It was my birthday Weekend, and a lovely sunny day. My Mother was coming with our daughter Sally to have lunch with us at our home in Petersfield, Hampshire. We were all looking forward to it.
Our other daughter Annabel, was living with us again as she found her feet having returned from Coventry University with an Honours degree in Fine Art specialising in Sculpture. She had managed to get her first proper job locally too, and all in all, things were looking pretty bright. We were very happy for her.
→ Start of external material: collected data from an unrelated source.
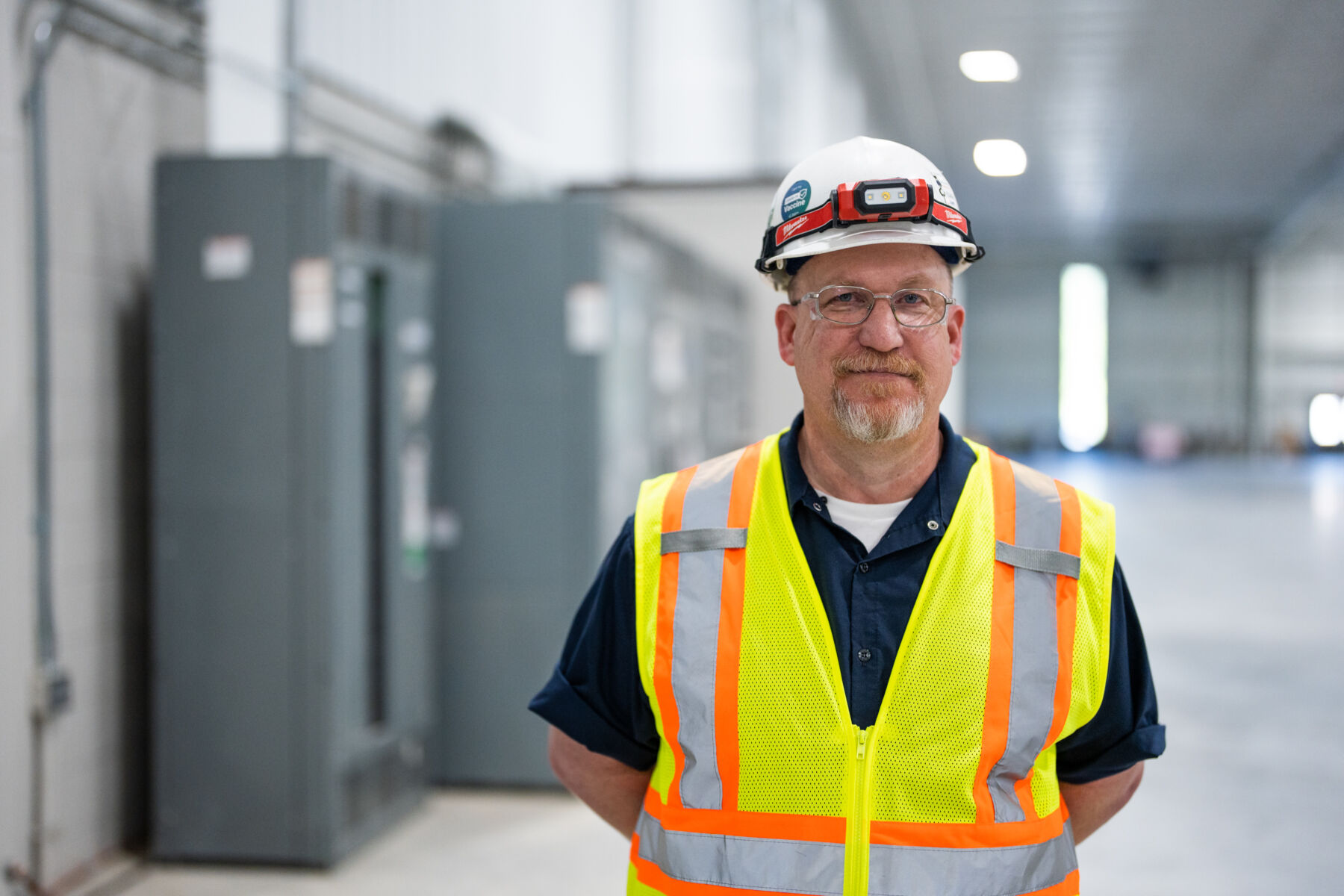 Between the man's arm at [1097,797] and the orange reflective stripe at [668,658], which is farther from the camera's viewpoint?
the man's arm at [1097,797]

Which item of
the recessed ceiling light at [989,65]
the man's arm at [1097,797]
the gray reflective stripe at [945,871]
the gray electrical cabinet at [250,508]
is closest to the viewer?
the gray reflective stripe at [945,871]

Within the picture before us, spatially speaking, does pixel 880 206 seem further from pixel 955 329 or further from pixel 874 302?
pixel 955 329

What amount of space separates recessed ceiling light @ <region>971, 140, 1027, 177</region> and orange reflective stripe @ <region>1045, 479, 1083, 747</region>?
29.6 inches

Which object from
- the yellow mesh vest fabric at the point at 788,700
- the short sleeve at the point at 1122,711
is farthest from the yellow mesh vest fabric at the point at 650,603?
the short sleeve at the point at 1122,711

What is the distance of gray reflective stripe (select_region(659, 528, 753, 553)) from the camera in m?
1.64

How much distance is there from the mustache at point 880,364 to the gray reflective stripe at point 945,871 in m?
0.64

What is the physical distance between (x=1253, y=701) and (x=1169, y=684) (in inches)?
6.4

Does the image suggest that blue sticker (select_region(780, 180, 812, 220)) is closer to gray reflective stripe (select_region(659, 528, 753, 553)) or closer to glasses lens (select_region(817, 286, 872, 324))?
glasses lens (select_region(817, 286, 872, 324))

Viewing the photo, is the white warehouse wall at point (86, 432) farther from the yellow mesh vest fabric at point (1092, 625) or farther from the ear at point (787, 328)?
the yellow mesh vest fabric at point (1092, 625)

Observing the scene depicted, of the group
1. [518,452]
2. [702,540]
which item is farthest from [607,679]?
[518,452]

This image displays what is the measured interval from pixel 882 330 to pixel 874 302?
0.14 feet

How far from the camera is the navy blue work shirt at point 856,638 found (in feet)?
5.17

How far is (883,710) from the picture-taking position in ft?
5.01

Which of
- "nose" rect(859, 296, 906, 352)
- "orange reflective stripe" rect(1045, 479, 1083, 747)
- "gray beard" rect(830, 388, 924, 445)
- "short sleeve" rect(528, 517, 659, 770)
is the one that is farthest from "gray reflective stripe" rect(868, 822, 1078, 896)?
"nose" rect(859, 296, 906, 352) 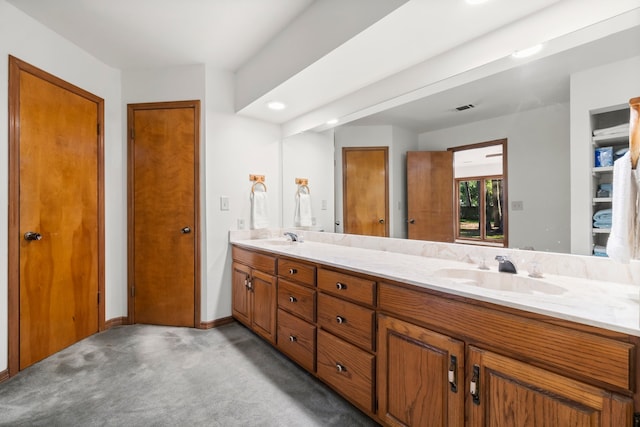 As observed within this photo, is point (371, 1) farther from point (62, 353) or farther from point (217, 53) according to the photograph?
point (62, 353)

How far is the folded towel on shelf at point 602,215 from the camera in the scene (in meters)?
1.25

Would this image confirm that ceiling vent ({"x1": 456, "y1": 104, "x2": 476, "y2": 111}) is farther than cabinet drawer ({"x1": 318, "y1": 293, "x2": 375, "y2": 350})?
Yes

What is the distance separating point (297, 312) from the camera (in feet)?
6.38

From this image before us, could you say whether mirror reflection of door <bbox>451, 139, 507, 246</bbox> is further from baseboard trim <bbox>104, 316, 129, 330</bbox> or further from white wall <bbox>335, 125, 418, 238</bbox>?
baseboard trim <bbox>104, 316, 129, 330</bbox>

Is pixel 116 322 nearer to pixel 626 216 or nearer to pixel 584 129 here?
pixel 626 216

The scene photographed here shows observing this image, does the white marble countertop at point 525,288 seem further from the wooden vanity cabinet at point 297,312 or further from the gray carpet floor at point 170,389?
the gray carpet floor at point 170,389

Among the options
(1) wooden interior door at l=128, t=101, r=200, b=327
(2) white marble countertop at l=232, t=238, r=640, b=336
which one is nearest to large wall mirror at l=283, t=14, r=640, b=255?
(2) white marble countertop at l=232, t=238, r=640, b=336

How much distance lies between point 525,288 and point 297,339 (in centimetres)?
130

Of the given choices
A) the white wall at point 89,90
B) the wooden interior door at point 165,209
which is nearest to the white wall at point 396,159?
the wooden interior door at point 165,209

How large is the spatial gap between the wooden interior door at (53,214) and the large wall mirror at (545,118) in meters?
2.53

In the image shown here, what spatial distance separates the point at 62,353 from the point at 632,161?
135 inches

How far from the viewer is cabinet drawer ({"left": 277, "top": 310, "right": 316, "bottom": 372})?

She was 24, a lovely and very talented, determined young woman. A few years earlier in 1995 she had her first seizure at the age of 15. She had the usual tests including a CT scan and all was found to be normal, so no diagnosis of epilepsy or medication was given. At different times over the next few years she had occasional recurrences of the seizures, and was eventually given the epilepsy diagnosis but had only been put on medication a few weeks before this day. Usually the ‘events’ were deemed to be manageable by careful monitoring of diet and life style. And they did not seem to be increasing in frequency or getting worse.
That morning, we were downstairs having a cup of tea in the kitchen and Annabel was subdued, saying she didn’t feel too good and would take her grapefruit up to her room with her and watch television. We didn’t take much notice of this. It didn’t alarm us in any way and we said we’d call her a bit later as we got ready for Mum to arrive.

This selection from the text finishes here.